It seems that the distinction might have been clearer a few decades ago. Something like this: The compiler was the tool that would transform a high-level language into a machine-specific representation, and the assembler was something that would take a machine-specific representation and turn it into executable code, via mostly simple one-to-one transformations. (And we still see what-we-call-compilers invoking what-we-call-assemblers for the final step. Not always, of course, but it's not an uncommon pattern.)
But I agree that the lines are most definitely blurred today, with systems that do dynamic translation (or "JIT"), compilers that output bytecode, optimization, and assemblers that include higher-level language constructs.
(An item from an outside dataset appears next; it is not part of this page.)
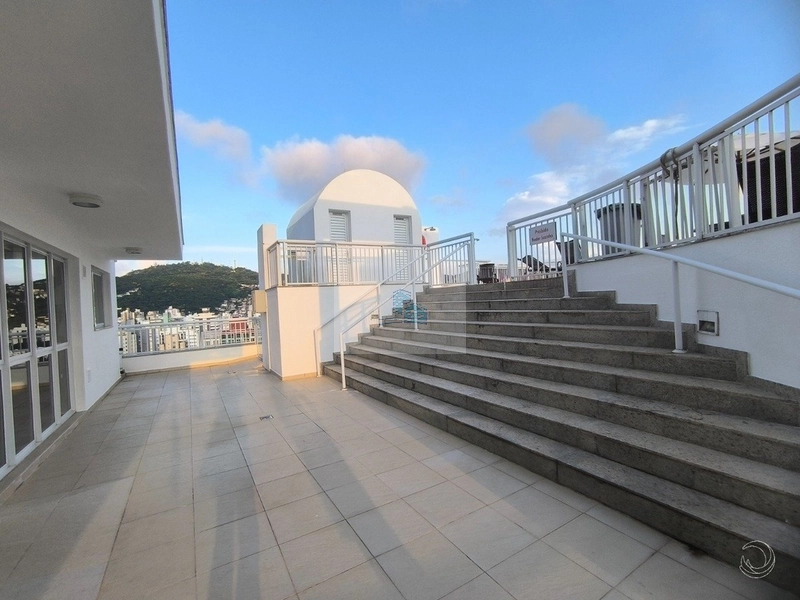 Apartamento a venda perto tribunal Justiça no centro Florianopolis: 36ª foto da galeria de imagens do imóvel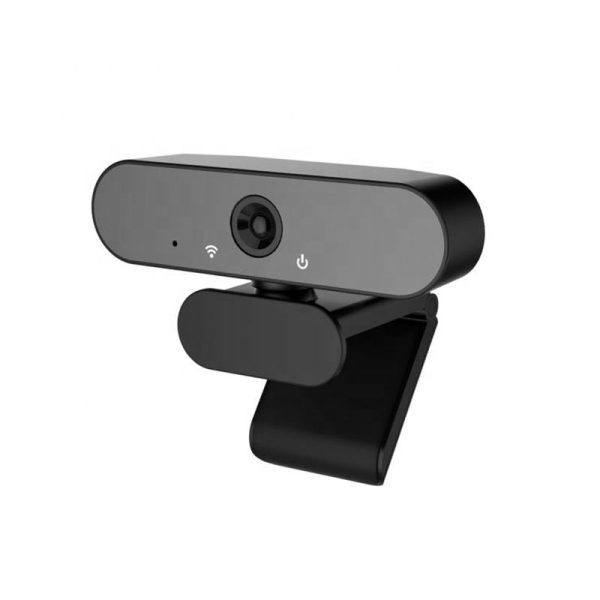 USB Camera Full HD1080P PC Built-in Microphone Desktop USB Plug Play Computer Camera Live Webcam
When you take a step back, it all sort of blends together.
BigEd wrote:
I think Grace Hopper's use of "compile" was in the sense of stringing together useful library routines to make a program - in the days when such routines would include things like arithmetic. As memory is one dimensional, this seems fitting - each routine needs to end up with an address, the routines need to be in some order. In those days, each routine might also need to be patched with the calling addresses of the routines it uses.
I remember reading an argument somewhere that as the various stages of transformations got their own names, like "linking" and "relocating", we sort of ended up with the word "compile" meaning what it does sort of by default, as the thing that was left over when everything else had its own name.
It was probably in a book on early computing history, but I can't remember the name now.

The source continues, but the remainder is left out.